About this task | Every line from the one with "212 Bessemer Ave, Twp Of But Sw, PA 16045" to the end of the listing below must be printed exactly, with no other text and no pictures.

Provided data |
* * *

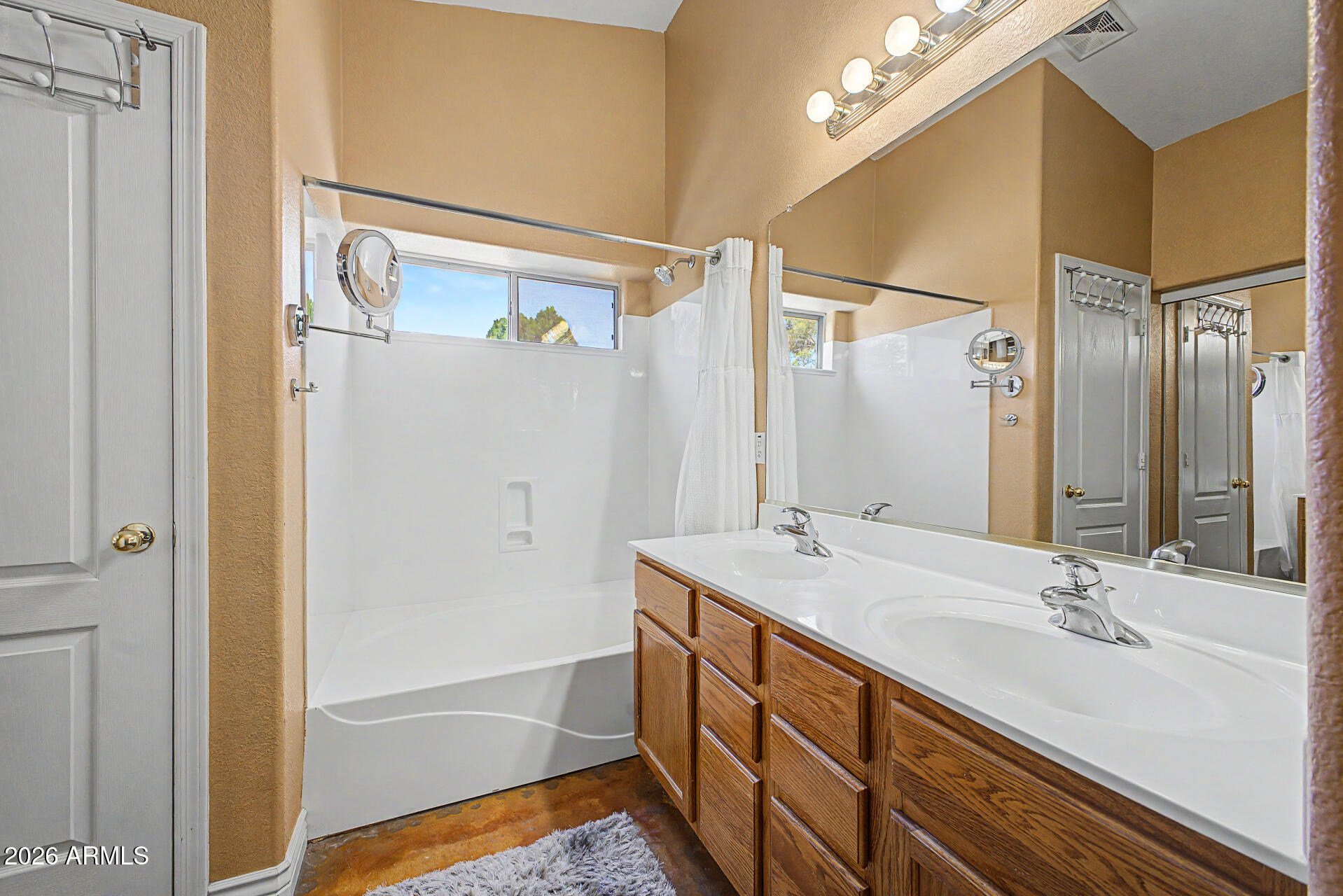 MERIDIAN POINTE - Residential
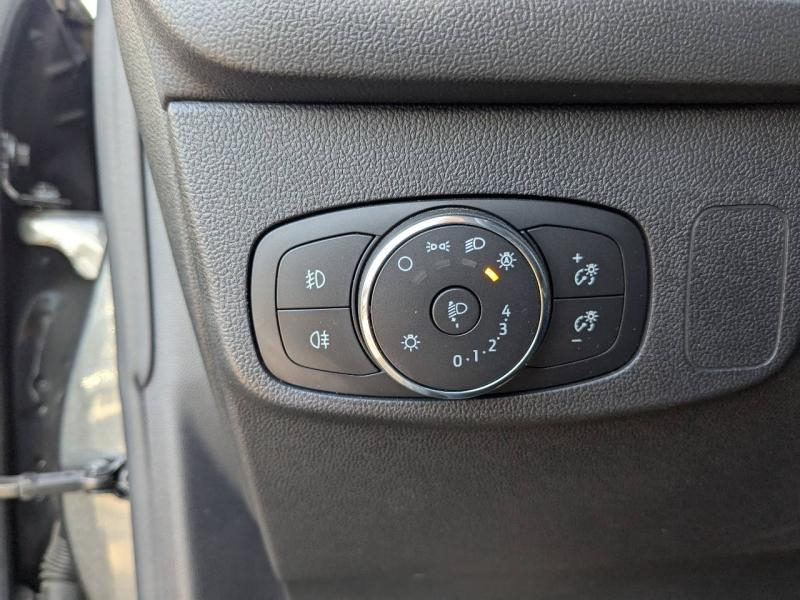 Photo 16 de l’annonce de FORD Focus Active d’occasion à vendre à MARSEILLE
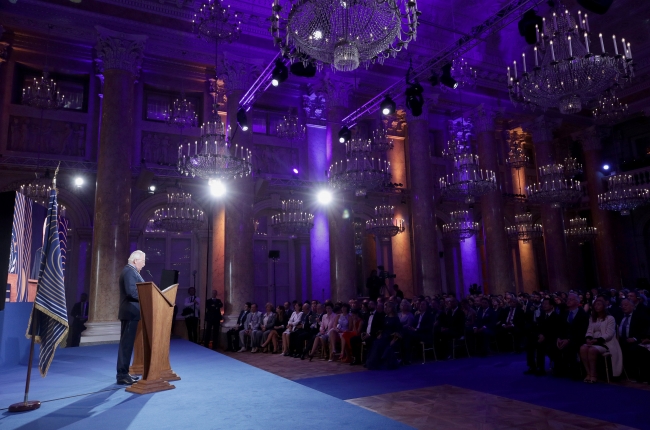 "Uzay ülkesi Asgardia" devlet başkanını seçti, vatandaşlarını bekliyor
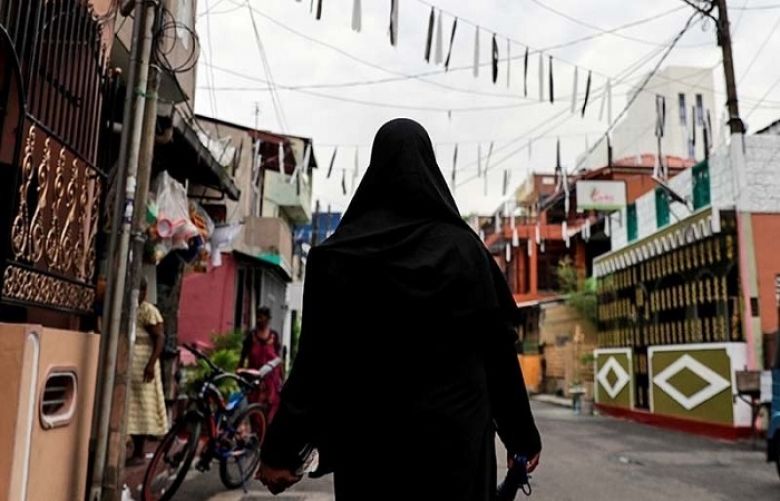 Sri Lanka bans face veils after attacks by militants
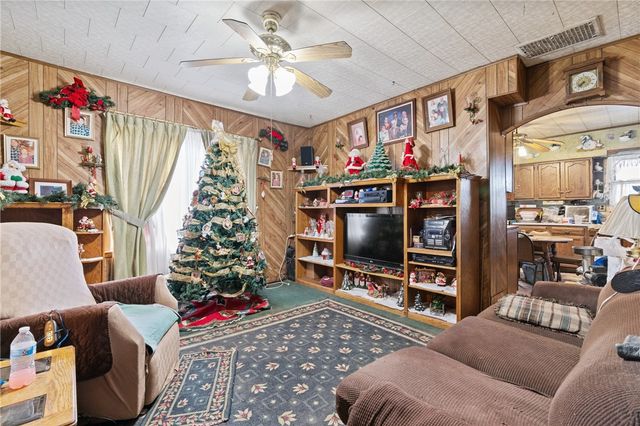 212 Bessemer Ave, Twp Of But Sw, PA 16045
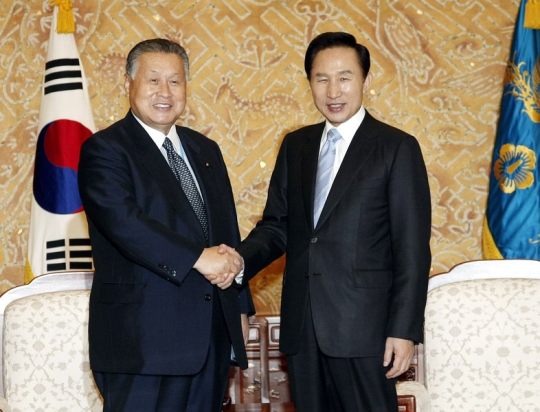 2008년 이명박 정부때 청와대를 방문한 모리 요시로(왼쪽) 전 일본 총리가 이 전 대통령과 악수를 하고 있다.cialis coupon free   cialis trial coupon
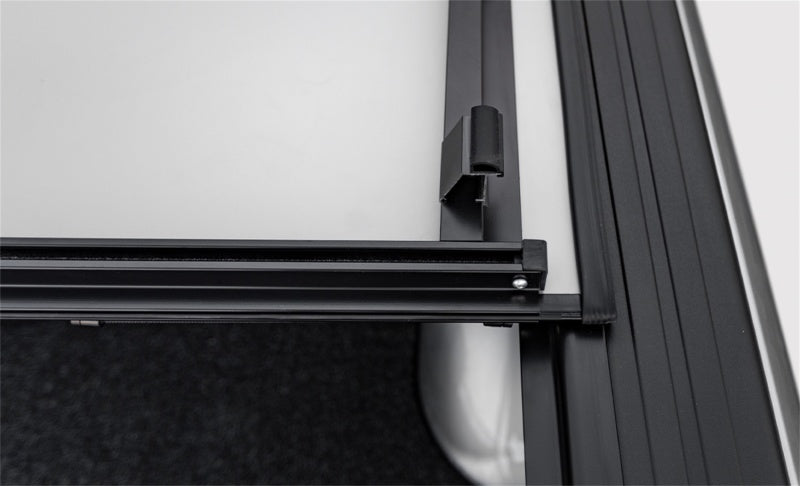 Access LOMAX Stance Hard Cover 03-09 Dodge Ram 2500/ 3500 6ft 4in Box G3040029 G3040029 Photo - Mounted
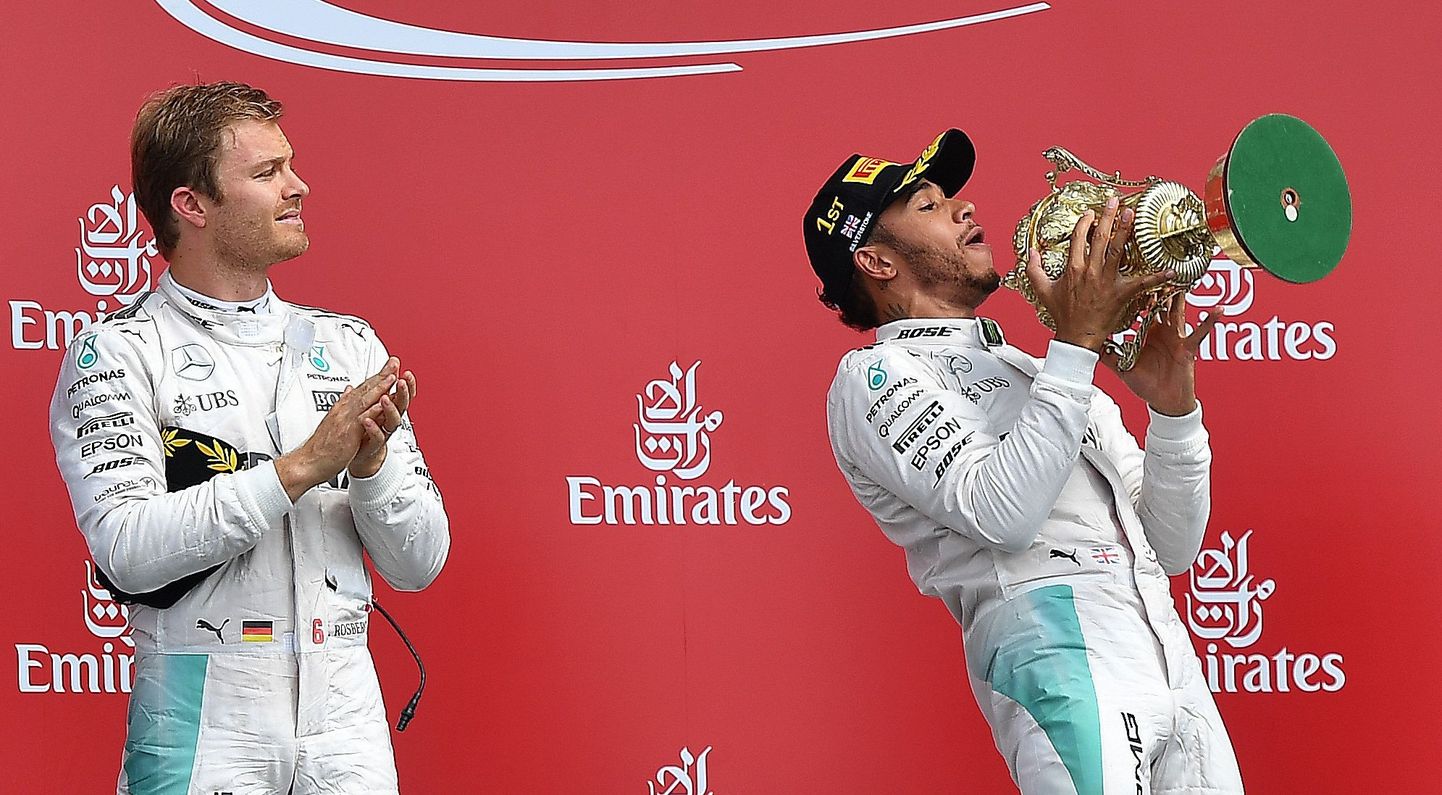Nico Rosberg (vasakul) ja Lewis Hamilton.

* * *

Response for this exercise |
 212 Bessemer Ave, Twp Of But Sw, PA 16045
 2008년 이명박 정부때 청와대를 방문한 모리 요시로(왼쪽) 전 일본 총리가 이 전 대통령과 악수를 하고 있다.cialis coupon free   cialis trial coupon
 Access LOMAX Stance Hard Cover 03-09 Dodge Ram 2500/ 3500 6ft 4in Box G3040029 G3040029 Photo - Mounted
Nico Rosberg (vasakul) ja Lewis Hamilton.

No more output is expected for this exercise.